Effacement et nouvelles offres : c'est pas gagné
Permettre des actions d'effacement des consommations fait partie des arguments en faveur de Linky. Seulement, le compteur "permet l'activation de l'effacement avec un délai de réaction, c'est-à-dire un délai entre la décision de procéder à l'effacement et la mise hors tension de certains équipements en aval des compteurs, de six heures", indique la Cour des comptes. Or, "certains acteurs considérant ce délai comme trop long, il existe un risque que les opérateurs d'effacement (tels que les fournisseurs de box énergie et de systèmes de pilotage des installations électriques), en utilisant des équipements qui leur seraient propres et indépendants du compteur, contournent assez largement Linky et que ce dernier ne soit ainsi pas exploité pour l'effacement".
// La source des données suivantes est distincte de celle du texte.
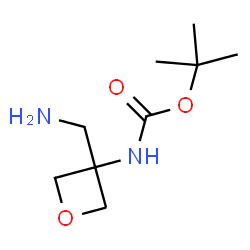 tert-butyl N-[3-(aminomethyl)oxetan-3-yl]carbamate Structure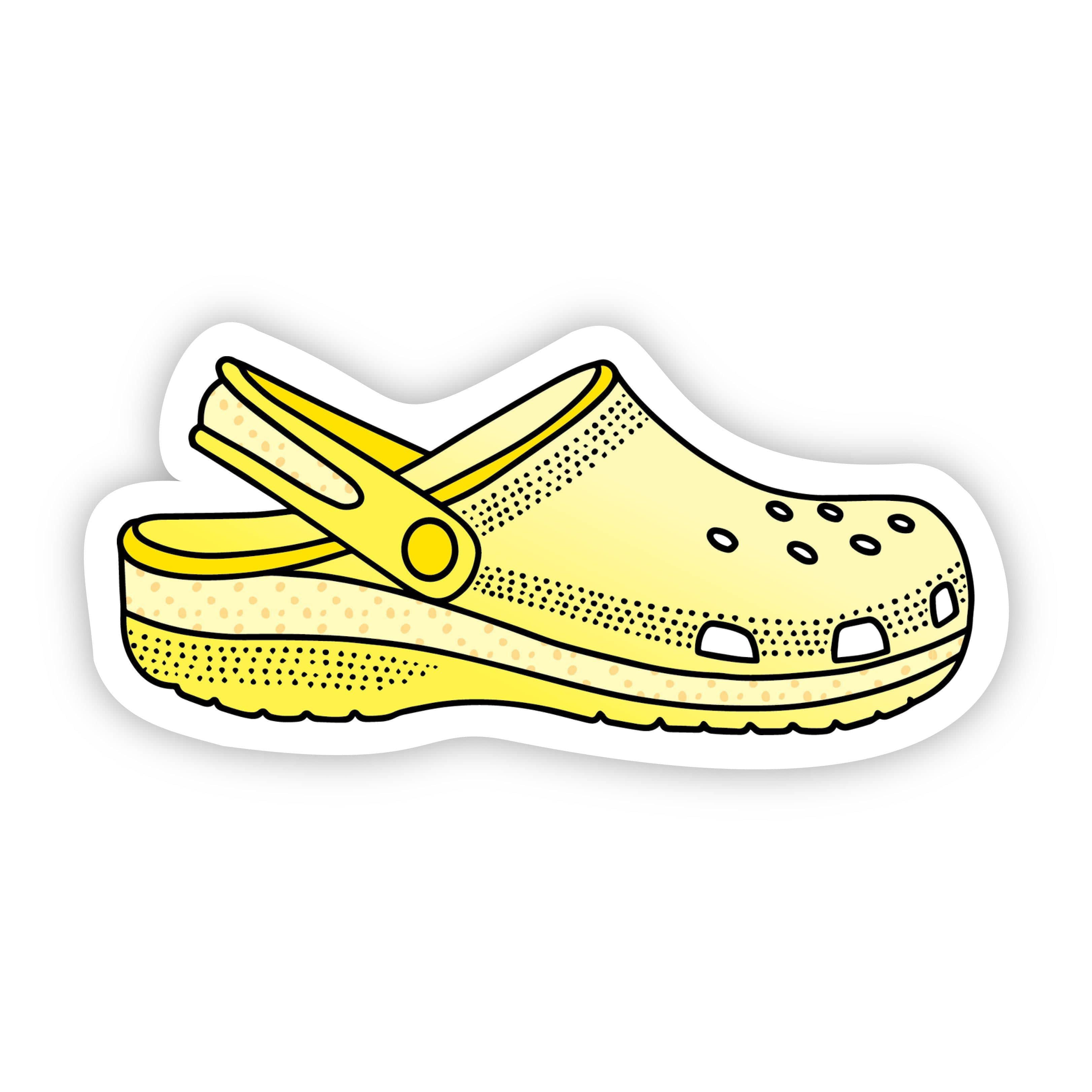  Croc Yellow Aesthetic Sticker、mySite、elrpsem3k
Linky, en élargissant le nombre d'index de consommation et donc de plages tarifaires, devrait aussi favoriser l'émergence de nouvelles offres, allant plus loin que le système actuel heures pleines/heures creuses. Aujourd'hui, seuls deux fournisseurs, EDF et Engie, proposent des offres en s'appuyant sur ces nouvelles fonctionnalités, avec des tarifs plus avantageux le week end. "Il faut néanmoins relever, à la décharge des fournisseurs, que l'organisation du déploiement retenue, qui ne conduira à un taux d'équipement significatif en compteurs Linky pour un département ou une région qu'à sa fin [en 2021], ne facilite pas les actions de promotion des nouvelles offres".